======== Data for this task ========
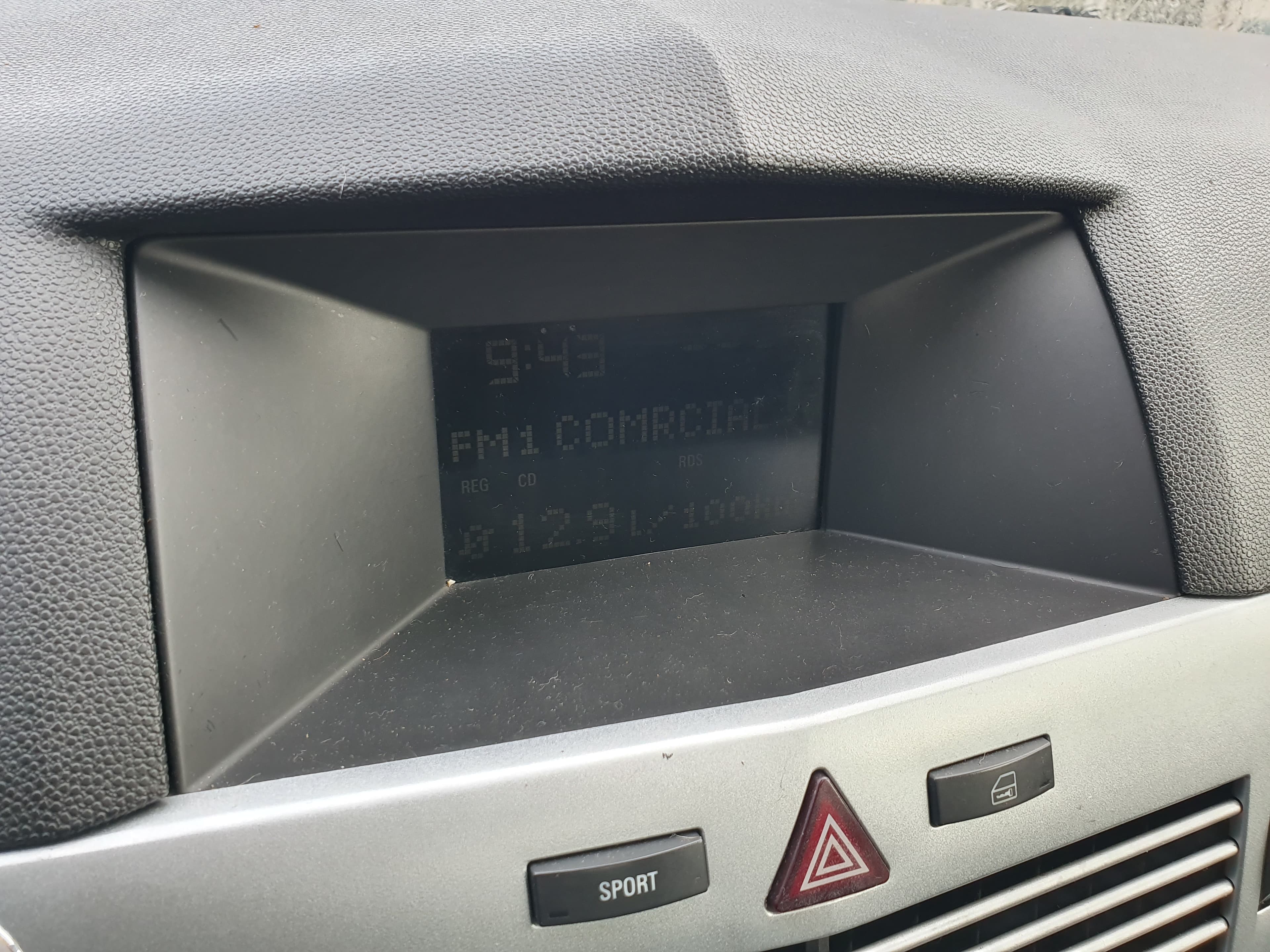 Opel Astra · Ano 2010 — imagen 36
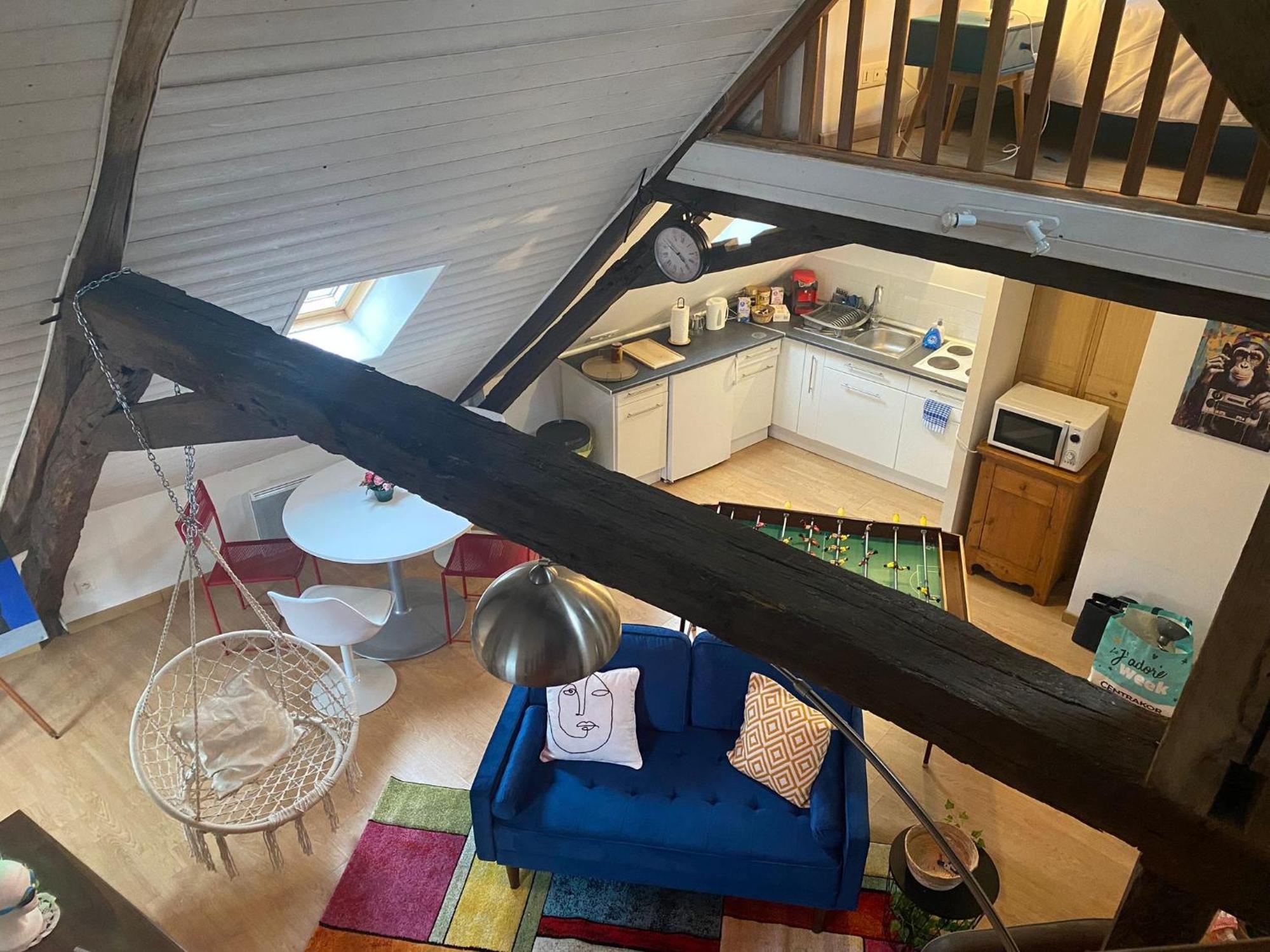 Appartement, Cite Medievale Лаон Екстериор снимка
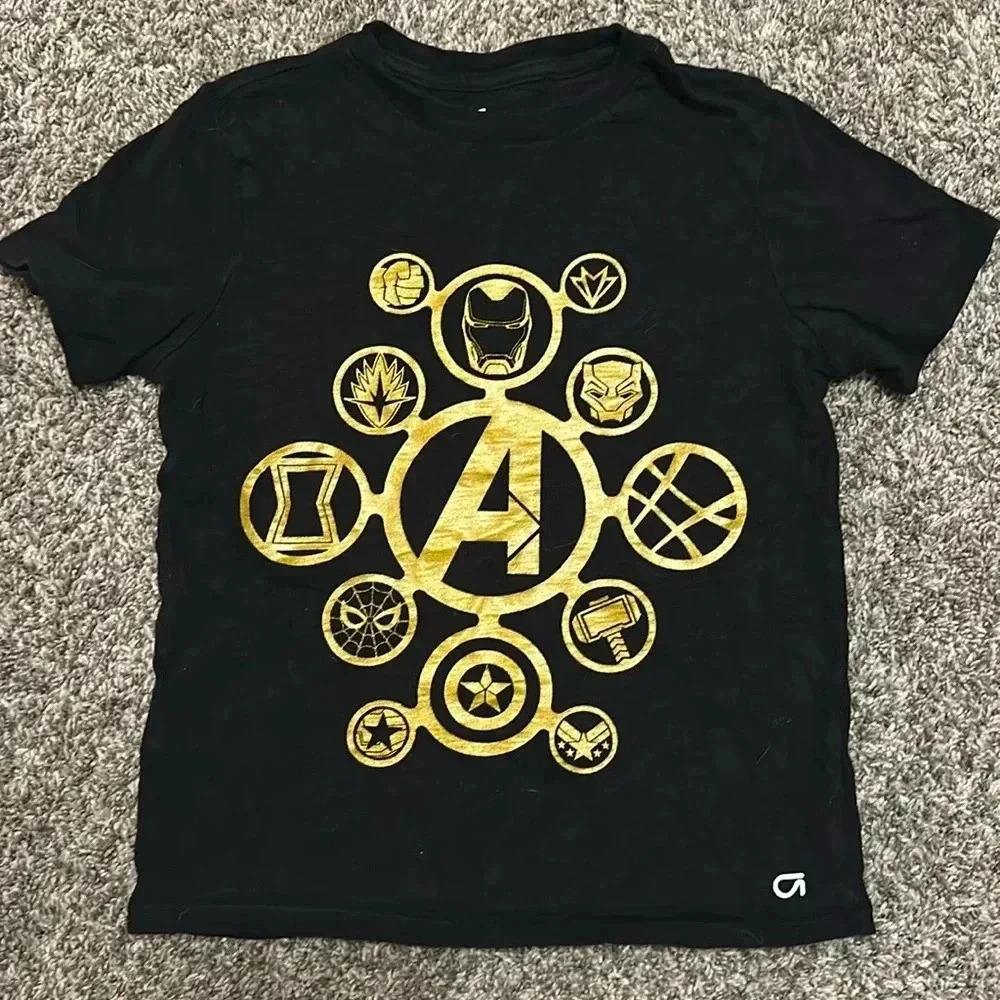 EUC Boys GapFit Avengers T-shirt, Size M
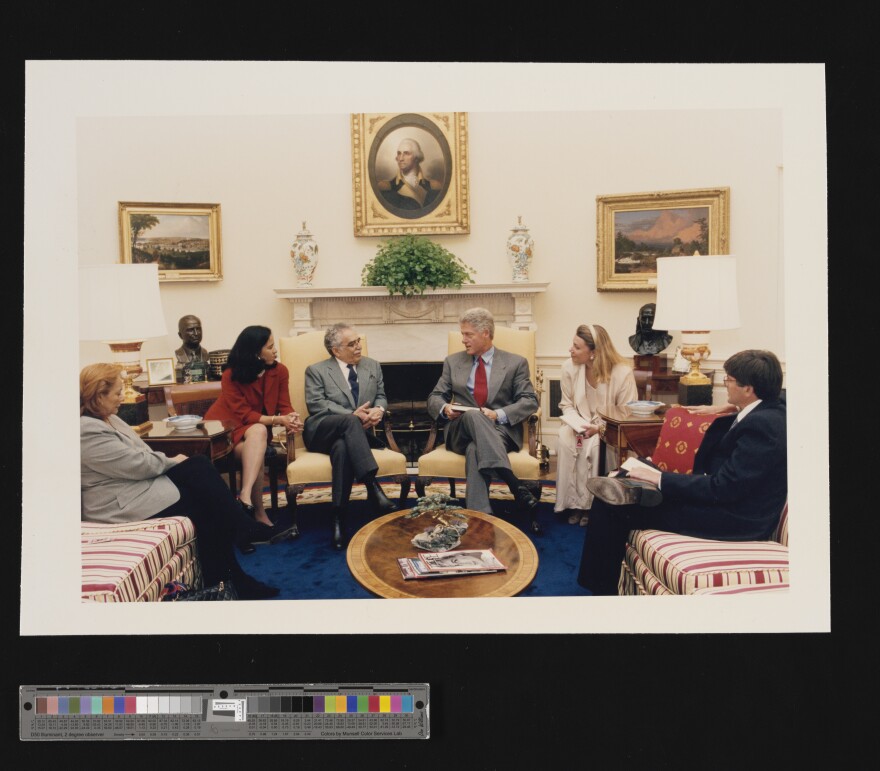 Gabriel García Márquez meets with President Bill Clinton.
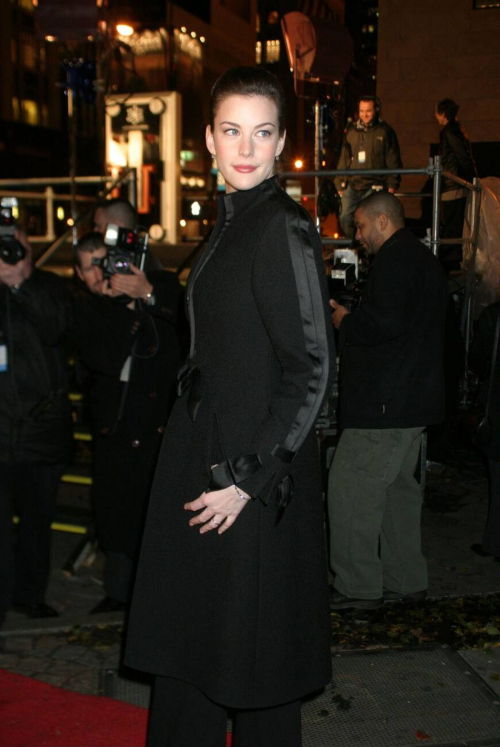 Liv Tyler at UNICEF Snowflake Event New York City, November 2003 3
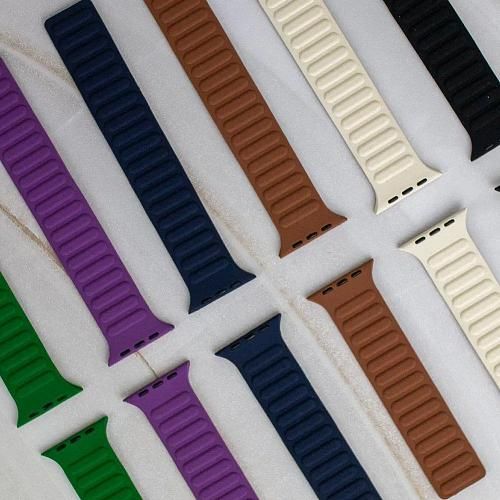 Ремешок совместим с Apple Watch (38/40/41 мм) силикон магнитный фиолетовый /коробка/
========
* [Problem description]: When you reproduce the data shown above, keep each line exact and omit every picture.

* [Answer for the task]:
 Opel Astra · Ano 2010 — imagen 36
 Appartement, Cite Medievale Лаон Екстериор снимка
 EUC Boys GapFit Avengers T-shirt, Size M
 Gabriel García Márquez meets with President Bill Clinton.
 Liv Tyler at UNICEF Snowflake Event New York City, November 2003 3
 Ремешок совместим с Apple Watch (38/40/41 мм) силикон магнитный фиолетовый /коробка/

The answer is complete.